青年は携帯電話で時間を確認し、またもやマイペースにゆっくりとしまう。
「まだ集合時間の5分前じゃねえか。これで遅いってのはないんじゃねーの?」
「待ち合わせは10分前集合が基本だろう」
「…相変わらずだねぇ、鬼道クンは」
あからさまにため息をつくと青年、不動は「はいはい、今度から気を付けますよ」と心にもない返事を返す。
当然鬼道の眉間にシワが寄ったがそれ以上は追求せず、スタジアムの中へ入るよううながす。
「で?今日俺たちがコーチするのってどんなヤツらなんだ?」
「実は俺も詳しくは知らないんだ」
「は?どういうことだよ?そんな得体の知れないヤツらのコーチなんて俺はゴメンだぜ?」
不動は思わず立ち止まりいぶかしげな表情を向けた。
鬼道も立ち止まり不動を一瞥(いちべつ)したが、再び歩きながら話し出す。
「あの人の…影山総帥の指示なんだ。『シーサイドスタジアムに集まっている選手たちを不動と共にコーチをしろ』とな」
「影山さんの?…ハッ。そういうことかよ」
鬼道の背中を見ながら不動は笑みをこぼした。
あれから10年の月日が流れ、両者の間のわだかまりは解けお互いに協力するようになっていた。

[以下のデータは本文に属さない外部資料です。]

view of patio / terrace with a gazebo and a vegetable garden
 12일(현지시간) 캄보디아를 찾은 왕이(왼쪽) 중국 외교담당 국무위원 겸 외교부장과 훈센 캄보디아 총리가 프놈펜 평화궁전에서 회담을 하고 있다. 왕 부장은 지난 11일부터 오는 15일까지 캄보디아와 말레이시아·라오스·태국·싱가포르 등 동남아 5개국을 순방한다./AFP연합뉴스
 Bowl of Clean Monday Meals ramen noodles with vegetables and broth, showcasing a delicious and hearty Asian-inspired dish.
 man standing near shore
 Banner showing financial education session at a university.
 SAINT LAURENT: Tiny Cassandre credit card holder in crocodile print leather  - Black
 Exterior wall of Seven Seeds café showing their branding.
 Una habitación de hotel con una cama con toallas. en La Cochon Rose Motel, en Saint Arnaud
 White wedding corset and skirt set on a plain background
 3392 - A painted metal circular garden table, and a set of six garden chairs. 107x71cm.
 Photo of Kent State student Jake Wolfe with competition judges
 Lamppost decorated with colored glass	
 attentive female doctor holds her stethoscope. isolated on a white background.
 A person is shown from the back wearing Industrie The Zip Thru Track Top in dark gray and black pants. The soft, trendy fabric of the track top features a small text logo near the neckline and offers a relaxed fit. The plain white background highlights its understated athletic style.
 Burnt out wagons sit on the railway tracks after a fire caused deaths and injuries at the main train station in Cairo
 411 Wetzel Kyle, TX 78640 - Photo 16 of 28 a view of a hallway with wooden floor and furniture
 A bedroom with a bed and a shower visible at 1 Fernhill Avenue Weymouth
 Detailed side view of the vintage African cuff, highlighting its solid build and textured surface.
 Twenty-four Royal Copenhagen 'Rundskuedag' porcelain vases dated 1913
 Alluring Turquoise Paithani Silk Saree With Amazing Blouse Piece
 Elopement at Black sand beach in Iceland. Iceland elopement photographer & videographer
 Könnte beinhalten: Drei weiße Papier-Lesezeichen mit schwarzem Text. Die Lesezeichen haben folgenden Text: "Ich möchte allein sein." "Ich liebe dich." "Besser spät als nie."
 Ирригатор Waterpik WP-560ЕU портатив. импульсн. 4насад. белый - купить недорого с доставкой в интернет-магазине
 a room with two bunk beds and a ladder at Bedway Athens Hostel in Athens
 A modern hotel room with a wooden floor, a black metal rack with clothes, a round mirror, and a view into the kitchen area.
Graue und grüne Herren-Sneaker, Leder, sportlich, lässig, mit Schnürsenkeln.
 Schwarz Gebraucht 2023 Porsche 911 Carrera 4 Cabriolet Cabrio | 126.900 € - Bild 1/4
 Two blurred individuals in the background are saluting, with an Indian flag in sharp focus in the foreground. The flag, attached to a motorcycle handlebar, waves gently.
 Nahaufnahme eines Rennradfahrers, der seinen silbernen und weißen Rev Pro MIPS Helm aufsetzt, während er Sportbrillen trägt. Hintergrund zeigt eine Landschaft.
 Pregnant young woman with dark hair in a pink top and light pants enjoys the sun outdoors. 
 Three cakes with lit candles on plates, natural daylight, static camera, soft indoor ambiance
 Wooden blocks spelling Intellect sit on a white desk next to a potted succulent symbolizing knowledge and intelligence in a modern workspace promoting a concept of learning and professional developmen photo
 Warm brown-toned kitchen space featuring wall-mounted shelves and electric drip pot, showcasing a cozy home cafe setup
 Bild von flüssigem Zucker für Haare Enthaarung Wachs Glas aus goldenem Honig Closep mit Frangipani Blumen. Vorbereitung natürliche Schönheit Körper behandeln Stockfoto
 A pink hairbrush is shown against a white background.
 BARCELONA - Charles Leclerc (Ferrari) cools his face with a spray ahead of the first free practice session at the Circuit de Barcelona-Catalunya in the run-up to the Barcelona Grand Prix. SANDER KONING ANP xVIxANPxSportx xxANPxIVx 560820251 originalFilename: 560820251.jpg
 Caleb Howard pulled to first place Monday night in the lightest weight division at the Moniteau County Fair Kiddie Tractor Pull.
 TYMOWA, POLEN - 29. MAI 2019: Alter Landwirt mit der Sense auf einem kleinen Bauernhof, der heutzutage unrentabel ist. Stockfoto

協力と言うよりは一方的な命令に近いものがあるが、不動はそれでよかった。
自分でさえこんな気分になっているのだから、一番慕っていた鬼道は指示されるだけで喜んでいるんだろうな、と心の中でうなずく。
「何をしているんだ。早く行くぞ」
「へいへい」
すでに自動扉の前まで着いていた鬼道のあとを不動は駆け足で追う。